There Was An Old Man, Name Of Julius
THERE HAS ALWAYS BEEN MUCH ADO about “The Ides of March.” We can pin that on William Shakespeare and his dramatic version of the offing of Julius Caesar. Also known as “Brutus and The Boys Giving the Shank to the Boss.” There have been plays, movies, books, a ballet and an opera about Julius going for a dirt nap. I’m also aware of a limerick about it all.
“Beware the Ides of March,”
Said the Sage from on top of the Arch.
But Caesar ignored him
And went to the Forum
And got stabbed right in the gazarch.
I didn’t say it was a good limerick.
Of course, every month has an “Ides.” There is an “Ides of October,” but nobody of note ever got killed on that day – so – no plays, movies, or even limericks have been penned highlighting that day.
According to the universally accepted infallible source of information called Wikipedia a limerick is, “A form of poetry, especially one in five-line, predominantly anapestic meter with a strict rhyme scheme (AABBA).”
That’s pretty heavy duty for Wikipedia.
“Anapestic” is NOT the name of the village in “Fiddler on the Roof.” Even I know that.
I thought that anything that was “anapestic” needed to be washed in boiling water, or at least, according to all the cowboy movies I’ve seen, held into an open fire for a few seconds. But I could be wrong.
Now that I think about it over coffee, most limericks could benefit from both or either of those practices before publishing.
Wikipedia goes on to say that most limericks are obscene – at least the good ones. The ones that are not obscene tend to end up in advertising and are extremely lame. That puts the limerick in the same lifeboat with most other poetry of any form or structure.
I’m sorry. I don’t mean to slam poetry or poets.
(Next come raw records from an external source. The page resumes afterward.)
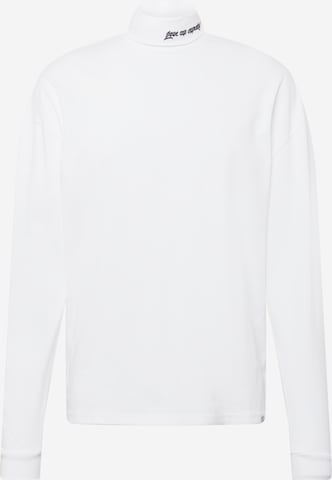 T-Shirt 'Lio' ABOUT YOU x Benny Cristo en blanc : devant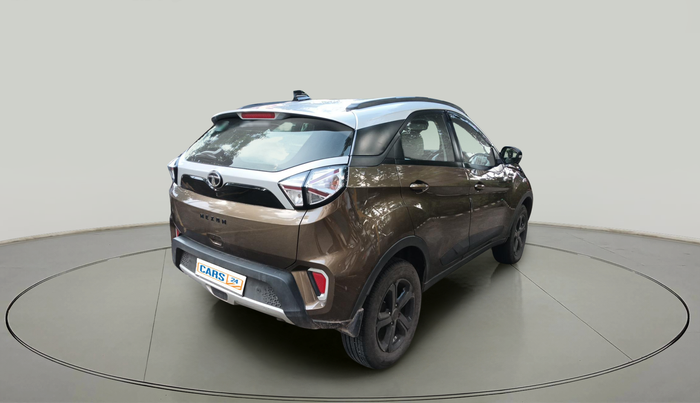 2022 Tata NEXON XZ PLUS (PREMIUM) PETROL JET, Petrol, Manual, 42,181 km, exterior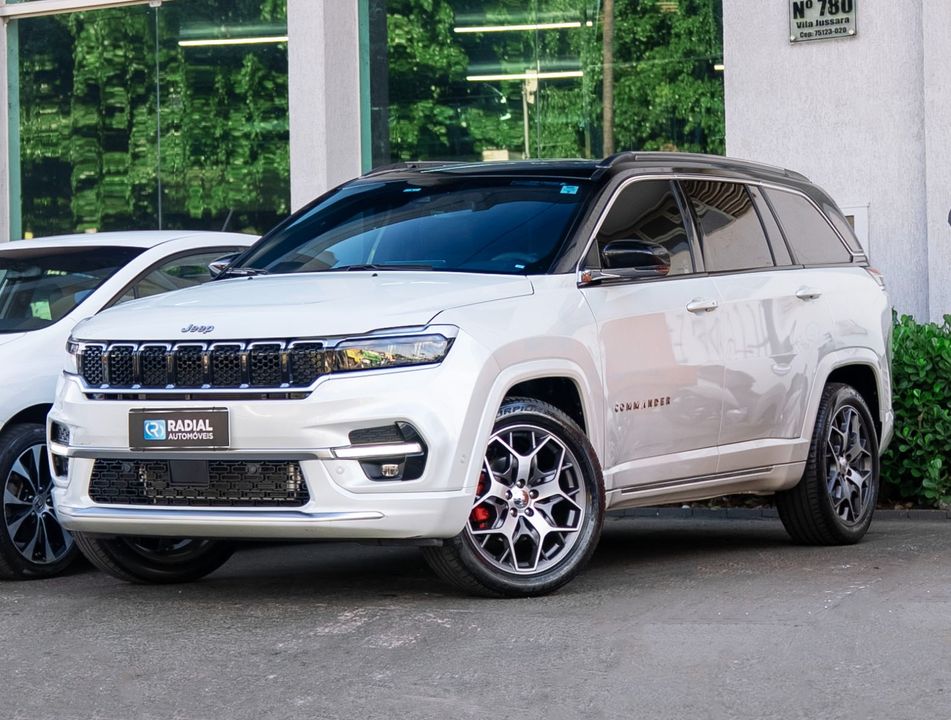 Jeep Commander Overland T270 1.3 TB Flex Aut.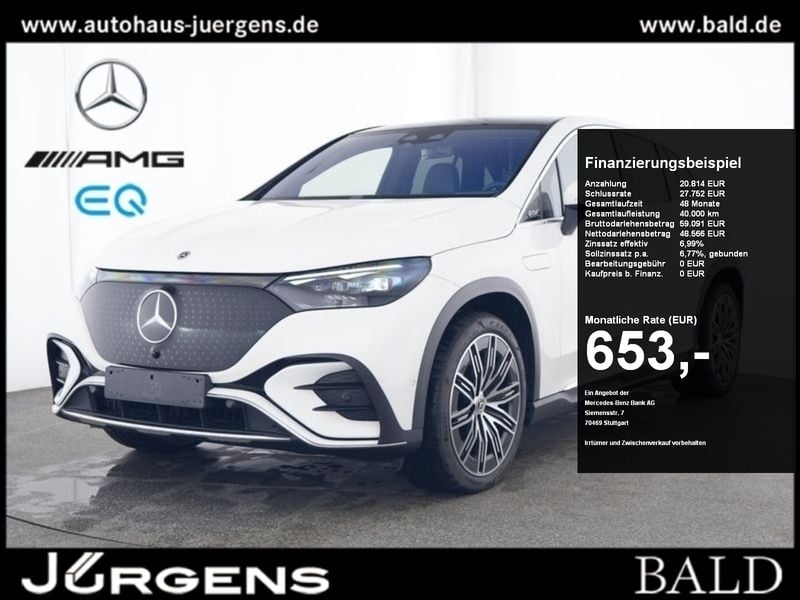 Polarweiss Gebraucht 2024 Mercedes EQE350 AMG SUV | 69.690 € (Fairer Preis) - Bild 1/4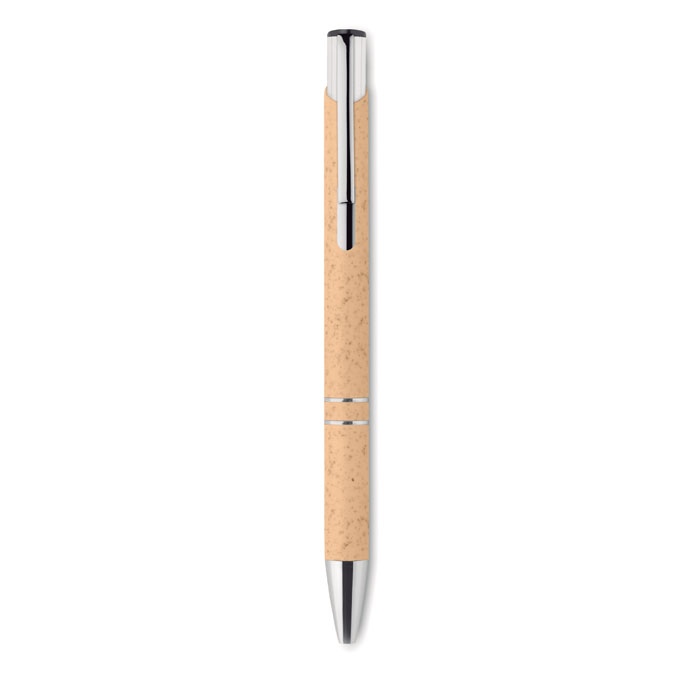 Stylo poussoir blé paille  PP - BERN PECAS 19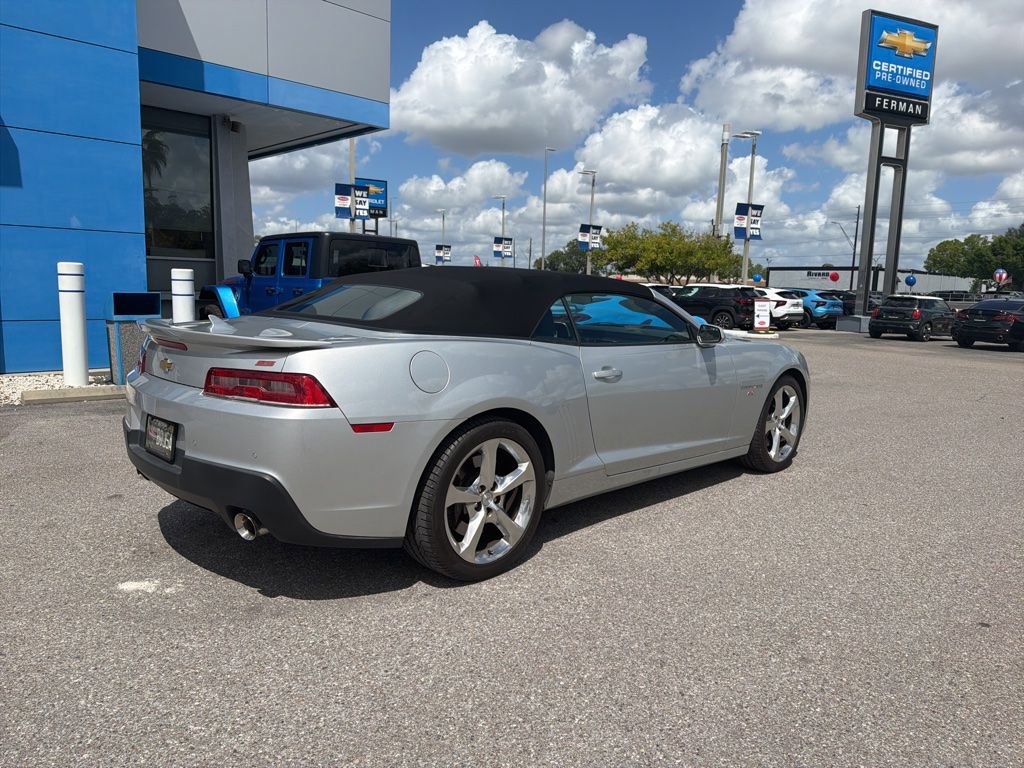 Used 2015 Chevrolet Camaro SS w/ RS Package image 9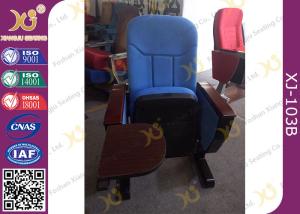 Quality Movable Type Commercial Furniture Auditorium Theater Seating / Church Hall Chairs wholesale
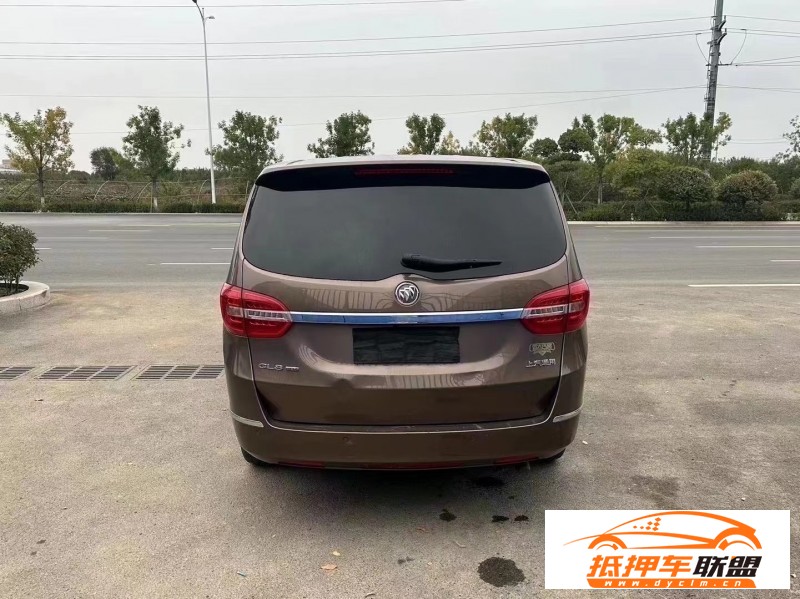  20年別克GL8轎車 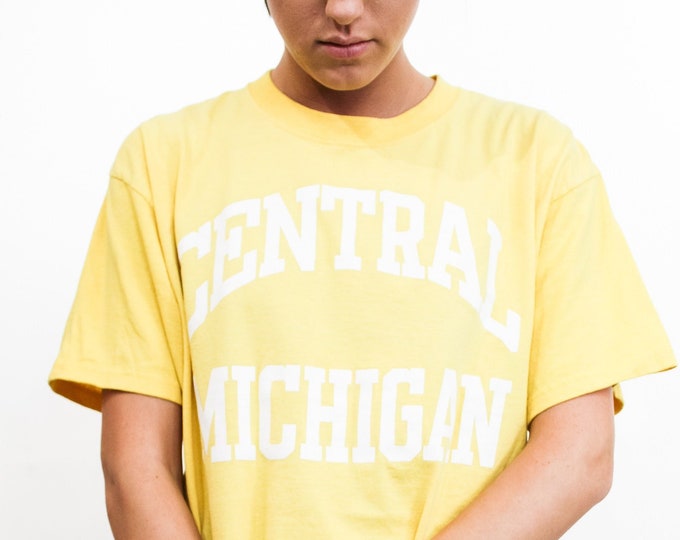 Central Michigan University Tee - L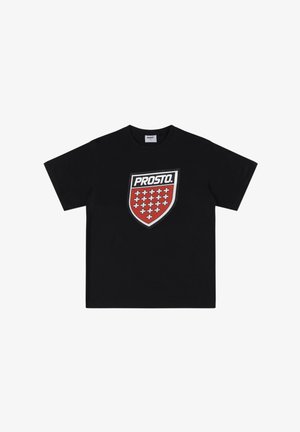 Prosto, - T-shirt z nadrukiem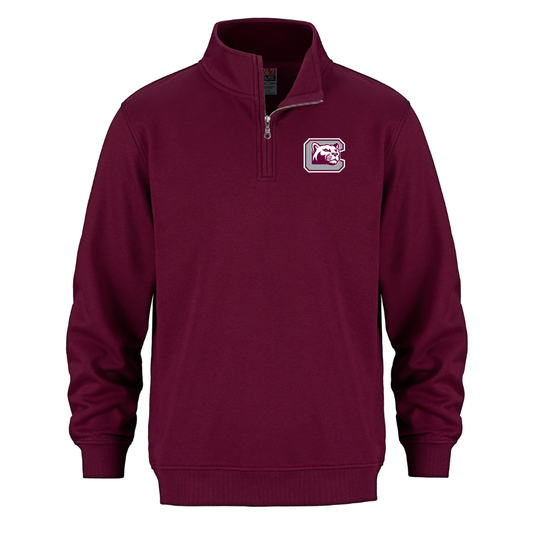 Cotton Fleece 1/4 Zip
It’s just that most of the poetry I’ve ever read screams out at me, “I was written by a college freshman who is an insufferable pain and hangs out with other insufferable pains. At some point this poet will either begin to smoke a pipe or cut their own hair with pinking shears.”
The world has produced some wonderful poets who, on rare occasion, produce some wonderful poetry. Unfortunately, their good stuff gets wiped out by a tsunami of the other 99% of poetry that wouldn’t make the cut at the Hallmark store in the mall.
I say these things openly admitting that I have never written a decent poem in my life that I suspect would please anyone who is both sober and beyond the range of your local Junior College. If you need a limerick of questionable taste – I’m your man, but a poetic retelling of the Fall of Troy – try hanging out at the Student Lounge.
So, why am I writing about poetry and the Ides of March on March the 1st? Two reasons:
- I needed to post something for this day.
- I wanted to be the first person to do so, avoiding the rush.
I really didn’t want to wait until the last minute and risk being stabbed right in the gazarch.